The front end programs available in the GNU roff system make it easier
to use than traditional roffs that required the construction of
pipelines or use of temporary files to carry a source document from
maintainable form to device-ready output. The discussion below
summarizes the constituent parts of the GNU roff system. It
complements roff(7) with groff-specific information.
Getting started
Those who prefer to learn by experimenting or are desirous of rapid
feedback from the system may wish to start with a “Hello, world!”
document.
$ echo "Hello, world!" | groff -Tascii | sed '/^$/d'
Hello, world!
We used a sed command only to eliminate the 65 blank lines that would
otherwise flood the terminal screen. (roff systems were developed in
the days of paper-based terminals with 66 lines to a page.)
Today's users may prefer output to a UTF-8-capable terminal.
$ echo "Hello, world!" | groff -Tutf8 | sed '/^$/d'
Producing PDF, HTML, or TeX's DVI is also straightforward. The hard
part may be selecting a viewer program for the output.

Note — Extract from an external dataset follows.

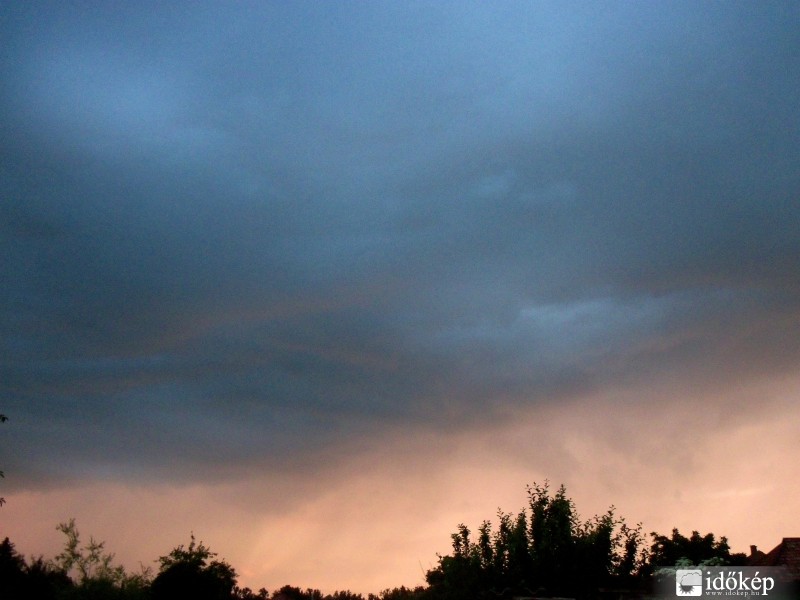 Naplementében érkező zápor-2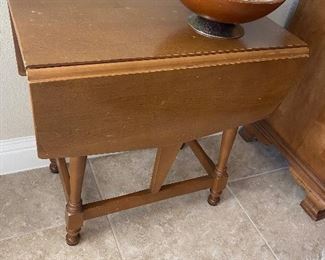Drop leaf table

$ echo "Hello, world!" | groff -Tpdf > hello.pdf
$ evince hello.pdf
$ echo "Hello, world!" | groff -Thtml > hello.html
$ firefox hello.html
$ echo "Hello, world!" | groff -Tdvi > hello.dvi
$ xdvi hello.html
Using groff as a REPL
Those with a programmer's bent may be pleased to know that they can use
groff in a read-evaluate-print loop (REPL). Doing so can be handy to
verify one's understanding of the formatter's behavior and/or the
syntax it accepts. Turning on all warnings with -ww can aid this goal.
$ groff -ww -Tutf8
\# This is a comment. Let's define a register.
.nr a 1
\# Do integer arithmetic with operators evaluated left-to-right.
.nr b \n[a]+5/2
\# Let's get the result on the standard error stream.
.tm \n[b]
3
\# Now we'll define a string.
.ds name Leslie\" This is another form of comment.
.nr b (\n[a] + (7/2))
\# Center the next two text input lines.
.ce 2
Hi, \*[name].
Your secret number is \n[b].
\# We will see that the division rounded toward zero.
It is
\# Here's an if-else control structure.
.ie (\n[b] % 2) odd.
.el even.
\# This trick sets the page length to the current vertical
\# position, so that blank lines don't spew when we're done.
.pl \n[nl]u
<Control-D>
Hi, Leslie.
Your secret number is 4.
It is even.
Paper format
In GNU roff, the page dimensions for the formatter troff and for output
devices are handled separately. In the formatter, requests are used to
set the page length (.pl), page offset (or left margin, .po), and line
length (.ll). The right margin is not explicitly configured; the
combination of page offset and line length provides the information
necessary to derive it. The papersize macro package, automatically
loaded by troff, provides an interface for configuring page dimensions
by convenient names, like “letter” or “A4”; see groff_tmac(5). The
formatter's default in this installation is “letter”.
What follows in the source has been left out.